## AIM OF THE TASK:
Which lines below fall between the one containing "Siege Bell War Memorial Stock Photo Alamy" and the one containing "Zuzana Holá, 50. léta"? Repeat them exactly, counting both of those lines, and add nothing else.

Web page caption snippets
★ ★ ★ ★ ★ ★ ★
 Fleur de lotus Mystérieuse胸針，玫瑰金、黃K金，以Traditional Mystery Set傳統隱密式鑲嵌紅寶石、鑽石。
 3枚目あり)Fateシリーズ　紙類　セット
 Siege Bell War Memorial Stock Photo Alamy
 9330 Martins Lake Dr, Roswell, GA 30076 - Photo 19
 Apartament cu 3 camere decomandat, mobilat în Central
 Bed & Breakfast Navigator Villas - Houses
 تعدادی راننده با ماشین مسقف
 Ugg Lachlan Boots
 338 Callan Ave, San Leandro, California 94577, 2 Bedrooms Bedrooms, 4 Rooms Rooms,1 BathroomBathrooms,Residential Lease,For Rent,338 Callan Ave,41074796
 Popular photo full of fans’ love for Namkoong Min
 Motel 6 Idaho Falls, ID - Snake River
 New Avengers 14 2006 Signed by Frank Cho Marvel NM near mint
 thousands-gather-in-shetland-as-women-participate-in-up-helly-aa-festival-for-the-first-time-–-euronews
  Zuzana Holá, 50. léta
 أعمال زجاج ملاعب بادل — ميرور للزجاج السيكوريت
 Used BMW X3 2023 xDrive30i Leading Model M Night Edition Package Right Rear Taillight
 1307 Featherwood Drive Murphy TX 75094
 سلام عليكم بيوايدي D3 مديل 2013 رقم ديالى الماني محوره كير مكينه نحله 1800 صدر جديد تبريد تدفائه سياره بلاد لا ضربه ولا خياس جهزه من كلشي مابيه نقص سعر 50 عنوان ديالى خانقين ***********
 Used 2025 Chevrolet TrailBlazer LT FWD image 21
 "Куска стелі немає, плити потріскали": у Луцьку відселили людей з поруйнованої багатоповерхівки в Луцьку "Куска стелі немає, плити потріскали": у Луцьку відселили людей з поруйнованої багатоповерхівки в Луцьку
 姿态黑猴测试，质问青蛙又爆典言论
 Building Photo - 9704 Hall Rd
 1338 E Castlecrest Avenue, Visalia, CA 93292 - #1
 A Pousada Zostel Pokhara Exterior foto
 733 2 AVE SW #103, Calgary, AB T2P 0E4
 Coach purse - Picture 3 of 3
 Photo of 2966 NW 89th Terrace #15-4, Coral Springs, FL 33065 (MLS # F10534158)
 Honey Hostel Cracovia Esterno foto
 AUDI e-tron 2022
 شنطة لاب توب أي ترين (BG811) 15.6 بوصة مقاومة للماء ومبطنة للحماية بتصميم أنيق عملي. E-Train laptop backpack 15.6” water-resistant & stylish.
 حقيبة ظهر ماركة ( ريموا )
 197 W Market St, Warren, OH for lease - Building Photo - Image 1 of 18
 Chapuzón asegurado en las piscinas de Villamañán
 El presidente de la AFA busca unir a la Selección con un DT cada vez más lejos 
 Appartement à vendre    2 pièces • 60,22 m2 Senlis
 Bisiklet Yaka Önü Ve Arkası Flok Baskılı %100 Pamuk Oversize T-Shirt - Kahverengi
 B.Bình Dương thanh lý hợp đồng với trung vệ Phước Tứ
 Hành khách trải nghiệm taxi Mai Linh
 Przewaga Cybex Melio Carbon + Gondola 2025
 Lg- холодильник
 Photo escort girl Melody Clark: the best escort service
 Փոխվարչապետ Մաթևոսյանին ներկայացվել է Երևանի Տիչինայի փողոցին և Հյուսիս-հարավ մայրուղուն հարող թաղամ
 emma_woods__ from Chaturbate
★ ★ ★ ★ ★ ★ ★
## FINISHED EXERCISE:
 Siege Bell War Memorial Stock Photo Alamy
 9330 Martins Lake Dr, Roswell, GA 30076 - Photo 19
 Apartament cu 3 camere decomandat, mobilat în Central
 Bed & Breakfast Navigator Villas - Houses
 تعدادی راننده با ماشین مسقف
 Ugg Lachlan Boots
 338 Callan Ave, San Leandro, California 94577, 2 Bedrooms Bedrooms, 4 Rooms Rooms,1 BathroomBathrooms,Residential Lease,For Rent,338 Callan Ave,41074796
 Popular photo full of fans’ love for Namkoong Min
 Motel 6 Idaho Falls, ID - Snake River
 New Avengers 14 2006 Signed by Frank Cho Marvel NM near mint
 thousands-gather-in-shetland-as-women-participate-in-up-helly-aa-festival-for-the-first-time-–-euronews
  Zuzana Holá, 50. léta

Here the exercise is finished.